Eight other states won decisions yesterday over the disputed payments, while six lost, Larkin said. Besides New York, three of the winning states -- Ohio, Illinois, and Iowa -- have issued tobacco bonds, he said. None of the states that lost issued them, he said.
Prices on Ohio tobacco bonds maturing in 2034 rose in trading today to about 73 cents on the dollar from 71.5 cents yesterday, according to data compiled by Bloomberg. The prices are based on trades ranging from $2.4 million to $5 million.
The 46-state tobacco settlement in 1998 required the companies to make annual payments to resolve their liability in health-care cost litigation. Some states and municipalities borrowed against the payments, which are based on cigarette shipments. Most of the tobacco bonds graded by rating companies are ranked below investment grade.
A dispute between the tobacco makers and states later arose over more than $7 billion due under the deal for the years 2003 to 2012, stemming from claims that market-share erosion reduced the companies’ obligations.
High-yield tobacco bonds have lost 15.4 percent this year, compared with a 5 percent drop for the broader municipal-bond market, according to Barclays Plc (BARC) data.
In New York, the disagreement centered on the state’s policy of not taxing cigarette sales on Indian reservations. The state didn’t collect payments from companies that didn’t join the national settlement on reservation sales.
“This precedent-setting decision is expected to protect the state from many billions of dollars in future claims,” Schneiderman said in a release. “In rejecting the tobacco companies’ claims, the panel fully recognized New York’s long-standing policy.”
While the arbitrators ruled in favor of Ohio, they said that its efforts to enforce the settlement “had mixed results,” according to the arbitration panel’s finding.
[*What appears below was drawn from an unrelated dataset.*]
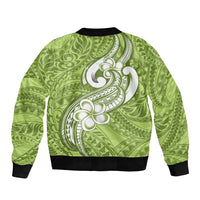 Polynesia Sleeve Zip Bomber Jacket Plumeria With Tribal Pattern Green Pastel Vibes LT14 - Polynesian Pride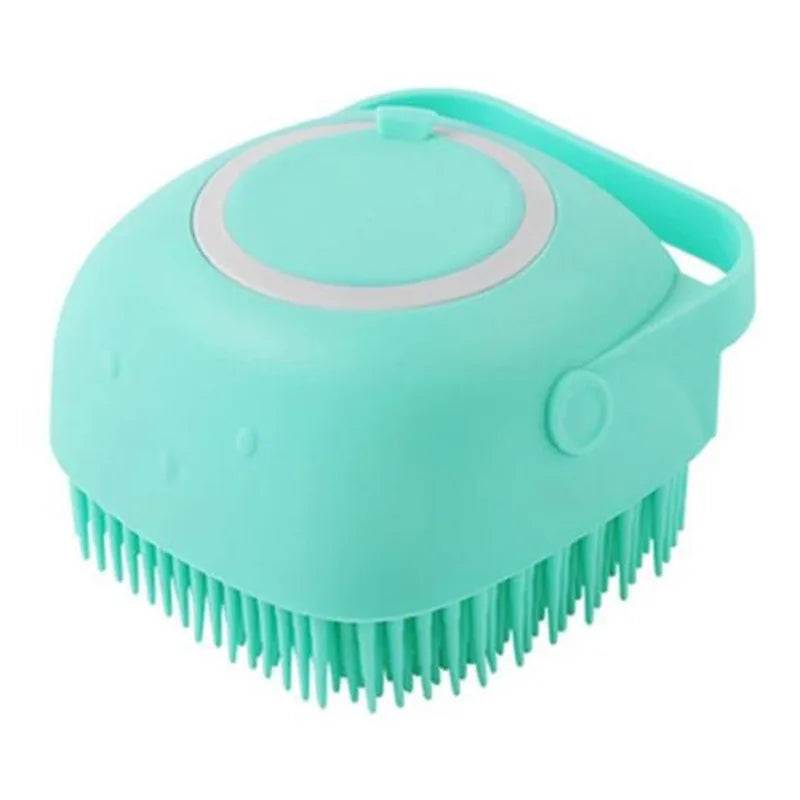 Cepillo de baño para perros, cepillo de masaje para mascotas, dispensador de champú, cepillo de silicona suave, cerdas de goma para perros y gatos, herramienta de aseo para ducha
One of the state’s weakest areas was gathering reliable data on cigarette sales by companies that didn’t participate in the 1998 settlement.
The six states that lost their arbitration cases will refund money to Philip Morris, Lorillard and Reynolds American, according to news releases from the companies. Reynolds said it was entitled to $266 million, and Philip Morris said it would get $145 million. The money will be deducted from the annual payments the companies make to states in April.
Investors who own tobacco bonds are still at risk of not being repaid if anti-smoking laws and cigarette tax increases cause sales to drop more than 5 percent annually, Larkin said.